Go to the top of the page and type "gussets" into the search box. Plenty of reading on the subject.


----------



## jason and jason (Jan 18, 2010)

Hey thanks for the info. jason


----------



## wizardsr (Aug 8, 2006)

Mr.Markus;965055 said:


> Gm, Dogde? I'd like to see a picture of that!


Gee I don't know sparky. I'll bet you $100 it's a GM.


----------



## jason and jason (Jan 18, 2010)

It is a Chevy


----------



## IHI (Nov 22, 2003)

Chebbies been having problems with weak frames under their pick up's for decades- not just the HD's, quick search anywhere and you'll get bombarded with it, not good since us Ford guys are on the road with all of them


----------



## lilweeds (Aug 3, 2007)

another reason to put gussets in guys. A simple $300 or less upgrade can save you thousands later! B&B dod you have any pics of where to gusset the ft diff mount?


----------



## B&B (Nov 4, 2006)

lilweeds;965220 said:


> B&B dod you have any pics of where to gusset the ft diff mount?


Not on hand but I'll take one the next time I get a chance.


----------



## vincent (Sep 15, 2008)

lilweeds;965220 said:


> another reason to put gussets in guys. A simple $300 or less upgrade can save you thousands later! B&B dod you have any pics of where to gusset the ft diff mount?


ditto on the pic of the diff. mount gussett.


----------



## augerandblade (Jan 17, 2009)

R U plowing with a loaded sander on the back. Bad idea if ya are on any truck.


----------



## WilliamOak (Feb 11, 2008)

^ how do you expect any of these guys to make $ then? If they can't plow/salt with the same
truck?


----------



## Mark13 (Dec 3, 2006)

augerandblade;966375 said:


> R U plowing with a loaded sander on the back. Bad idea if ya are on any truck.


----------



## jmassi (Nov 11, 2003)

Mark13;966392 said:


>


 :laughing::laughing::laughing:


----------



## twgranger (Nov 18, 2006)

YUP!! had it happen on a 2007 1 ton dually. new frame was $4000 plus. Chevy needs to take the HD emblem off the doors. Dont be suprised.....its a chevy.


----------



## lilweeds (Aug 3, 2007)

twgranger;966815 said:


> YUP!! had it happen on a 2007 1 ton dually. new frame was $4000 plus. Chevy needs to take the HD emblem off the doors. Dont be suprised.....its a chevy.

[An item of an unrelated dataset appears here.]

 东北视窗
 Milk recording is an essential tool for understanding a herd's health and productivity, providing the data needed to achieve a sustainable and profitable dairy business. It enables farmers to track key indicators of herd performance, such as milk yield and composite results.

May I repeat, put the gussets in and it won't break. Your Fords will have all kinds of issues as well. They all do.


----------



## WilliamOak (Feb 11, 2008)

Originally Posted by twgranger:
YUP!! had it happen on a 2007 1 ton dually. new frame was $4000 plus. Chevy needs to take the HD emblem off the doors. Dont be suprised.....its a chevy.
May I repeat, put the gussets in and it won't break. Your Fords will have all kinds of issues as well. They all do.
[Reply] [!!]
exactly! No truck is prefect, they all have their +'s and -'s. Seems like that always falls on deaf / unwilling ears


----------



## c.schulz (Dec 21, 2004)

The new 2011 HDs are coming soon. Premiered at the Detroit auto show. New heavier frame and axle loads. I believe more hp from the Duramax motors also. Im hoping to get more info soon.

Chris


----------



## samjr (Mar 18, 2008)

*ya that wood be cool*



B&B;965249 said:


> Not on hand but I'll take one the next time I get a chance.

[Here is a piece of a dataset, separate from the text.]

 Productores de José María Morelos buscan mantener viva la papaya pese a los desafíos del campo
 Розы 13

i got the pics and info from post 9 in this the Thread
http://www.plowsite.com/showthread.php?t=48956&highlight=gussets+jerre

ps god love B&B


----------



## lilweeds (Aug 3, 2007)

They are the frame gussets, I want pics of the diff gussets.


----------



## mossman381 (Nov 17, 2009)

He says his break is behind the shocks. The gussets you guys are talking about go behind the upper control arm mount.


----------



## mayhem (Aug 25, 2006)

How about a picture of the break?


----------



## jason and jason (Jan 18, 2010)

I recently had my frame welded and put 3 gussets on each side of the frame, these guys did a awsome job. I want to thank B & B for there info, it totally helped . I will post pictures when it stops dumping. These frames are totally weak I did not buy a one ton to go get grocerys. I use my truck and do not abuse it. It has 3000 hours and 58000 on a 8.1 with Allison tranny. 9-2 Boss is probally too much if don't beef up your frame. my 95 f- 350 is the bomb, except for the Western plow. Thanks for all the info this site is great. Jason


----------



## c.schulz (Dec 21, 2004)

jason and jason;972566 said:


> I recently had my frame welded and put 3 gussets on each side of the frame, these guys did a awsome job. I want to thank B & B for there info, it totally helped . I will post pictures when it stops dumping. These frames are totally weak I did not buy a one ton to go get grocerys. I use my truck and do not abuse it. It has 3000 hours and 58000 on a 8.1 with Allison tranny. 9-2 Boss is probally too much if don't beef up your frame. my 95 f- 350 is the bomb, except for the Western plow. Thanks for all the info this site is great. Jason


Glad to hear you are back up and running. Show us the pics when you can.

Chris


----------